BRUSSELS (AP) — European Union foreign ministers on Monday discussed ways to ease tensions in Bosnia and prevent the possible breakup up of the ethnically divided Balkan country as the peace agreement brokered over 25 years ago continues to unravel.
“The nationalist and separatist rhetoric is increasing in Bosnia and Herzegovina and jeopardizing the stability and even the integrity of the country,” EU foreign policy chief Josep Borrell said in Brussels, where he chaired a meeting of the 27-country bloc’s foreign ministers.
He said the “ministers will have to take a decision on how to stop these dynamics in Bosnia and Herzegovina and to avoid that the country can fall apart in pieces. This is a critical situation.”
The United States last month announced new sanctions against Bosnian Serb leader Milorad Dodik, who has for years been advocating that the Serb-run part of Bosnia should leave the rest of the country and unite with neighboring Serbia.
The U.S. accused him of “corrupt activities” that threaten to destabilize the region and undermine the U.S.-brokered Dayton Peace Accord. Dodik says he and Bosnian Serbs are being unfairly targeted and wrongly accused of corruption.
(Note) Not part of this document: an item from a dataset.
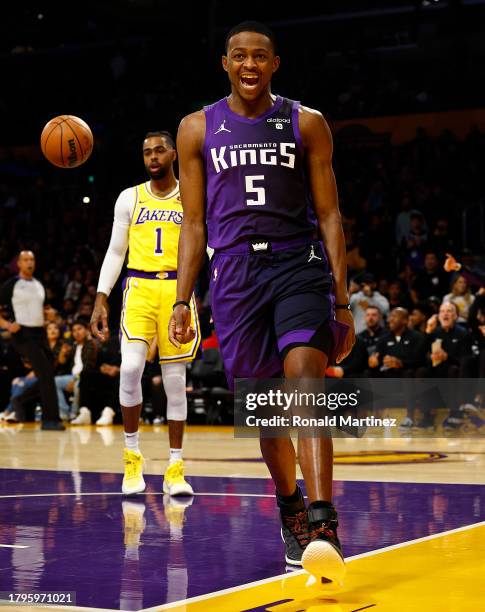 De'Aaron Fox of the Sacramento Kings after fouled by D'Angelo Russell of the Los Angeles Lakersin the first quarter at Crypto.com Arena on November...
The agreement in 1995 ended the war in Bosnia, which killed more than 100,000 people and left millions homeless. The accord established two separate governing entities in Bosnia — Republika Srpska run by Bosnia’s Serbs, and another other dominated by Bosniaks, an ethnic group that is primarily Muslim, and Croats. The two are linked by shared, state-wide institutions, and all actions at a national level require consensus from all three ethnic groups.
Most EU countries also want to hit Dodik with sanctions, but Hungary, Croatia and Slovenia are notably opposed and likely to scupper any attempt to impose restrictive measures on him.
Austrian Foreign Minister Alexander Schallenberg said that “the announcements of Dodik and Republika Srpska are extremely dangerous and playing with the integrity of the state, and this is for us a no-go.”
He warned that Bosnia and the Balkans must not become “a playground for actors outside Europe.” Russia has notably pledged support for Dodik and his associates.
The EU is also demanding that electoral reform be passed ahead of polls in Bosnia later this year.
What the EU wants to see, Irish Foreign Minister Simon Coveney said, is “a full reform package agreed and implemented in advance of the elections so that we can have elections that then successfully result in the formation of a government that can function.”
“We want to see peace and stability in Bosnia and Herzegovina, and I think that reform package would certainly help that to take place,” Coveney told reporters.